‘Vogue’ Arabia’s new cover intended to celebrate the end of the female driver ban causes controversy

At first glance, Vogue Arabia’s June cover is nothing out of the ordinary for a fashion magazine. A glamorous woman — a princess, in fact — poses in the driver’s seat of a sports car parked in the desert.

Draped in white, with a scarf covering her head and black driving gloves, it’s all Grace Kelly meets 2018. Dig a little deeper though, and it’s not just a model posing in the car for this Vogue Arabia cover. It’s a political statement.

According to the magazine, the cover is a celebration of the end of the ban on women driving in Saudi Arabia.
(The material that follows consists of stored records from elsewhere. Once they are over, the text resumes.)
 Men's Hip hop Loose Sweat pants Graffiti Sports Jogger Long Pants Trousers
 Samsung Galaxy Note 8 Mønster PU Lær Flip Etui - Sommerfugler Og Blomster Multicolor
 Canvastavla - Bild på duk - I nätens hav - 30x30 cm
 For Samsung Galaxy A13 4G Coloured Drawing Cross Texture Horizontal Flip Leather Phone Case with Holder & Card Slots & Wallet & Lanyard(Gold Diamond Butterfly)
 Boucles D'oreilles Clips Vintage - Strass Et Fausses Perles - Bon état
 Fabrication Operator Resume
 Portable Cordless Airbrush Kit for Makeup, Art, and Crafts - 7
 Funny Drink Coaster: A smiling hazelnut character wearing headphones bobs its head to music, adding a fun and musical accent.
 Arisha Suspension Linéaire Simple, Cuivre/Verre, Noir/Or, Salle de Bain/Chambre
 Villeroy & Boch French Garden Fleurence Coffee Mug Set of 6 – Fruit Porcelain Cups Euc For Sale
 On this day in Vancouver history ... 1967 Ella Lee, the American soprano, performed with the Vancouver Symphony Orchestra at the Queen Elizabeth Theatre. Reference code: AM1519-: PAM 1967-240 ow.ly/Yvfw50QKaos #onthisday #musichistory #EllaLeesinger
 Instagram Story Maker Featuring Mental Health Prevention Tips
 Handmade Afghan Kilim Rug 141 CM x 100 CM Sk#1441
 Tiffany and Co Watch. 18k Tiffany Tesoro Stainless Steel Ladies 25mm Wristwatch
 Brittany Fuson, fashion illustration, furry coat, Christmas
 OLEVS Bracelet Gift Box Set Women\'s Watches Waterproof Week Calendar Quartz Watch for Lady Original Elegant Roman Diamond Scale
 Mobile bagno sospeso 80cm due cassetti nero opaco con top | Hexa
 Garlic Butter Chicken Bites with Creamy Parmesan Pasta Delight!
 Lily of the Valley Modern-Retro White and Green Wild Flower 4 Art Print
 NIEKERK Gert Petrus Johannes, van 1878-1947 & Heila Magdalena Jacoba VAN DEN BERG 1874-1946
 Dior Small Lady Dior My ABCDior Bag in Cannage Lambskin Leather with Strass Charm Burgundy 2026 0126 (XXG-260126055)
“HRH Princess Hayfa bint Abdullah Al Saud is in the driving seat on the cover of Vogue Arabia’s first-ever Saudi issue,” Vogue Arabia wrote on Instagram. “The Saudi issue will launch in a monumental month, with the ban on women driving in the kingdom set to be lifted on June 24.”

The issue is all about groundbreaking women, with a new era in Saudi Arabia on the horizon.

While the princess on the cover is actually the daughter of a former king, whose own family had enforced the driving ban, as noted in the interview, she’s now on the side supporting this change. “In our country, there are some conservatives who fear change,” she told Vogue Arabia. For many, it’s all they have known. Personally, I support these changes with great enthusiasm.”

But that’s not really the problem people have. It’s that the princess is on the cover of a Vogue issue, glamorously behind the wheel promoting equality, while multiple women have been jailed in her country for doing exactly the same thing within just the past two weeks.

People have gone so far as to replace the face of the princess on the cover with that of one of the many activists.

In an emailed statement to Mic, Vogue Arabia editor-in-chief Manuel Arnaut said,Each month, Vogue Arabia highlights and discusses key issues related to womanhood in the Arab world. Fashion might be part of our core business, but informing and initiating heathy debates around meaningful topics are also a priority under my editorship. Naturally, we could not ignore the current affairs, especially when they are related to Arab women in one of the markets in the region where Vogue Arabia is especially relevant.”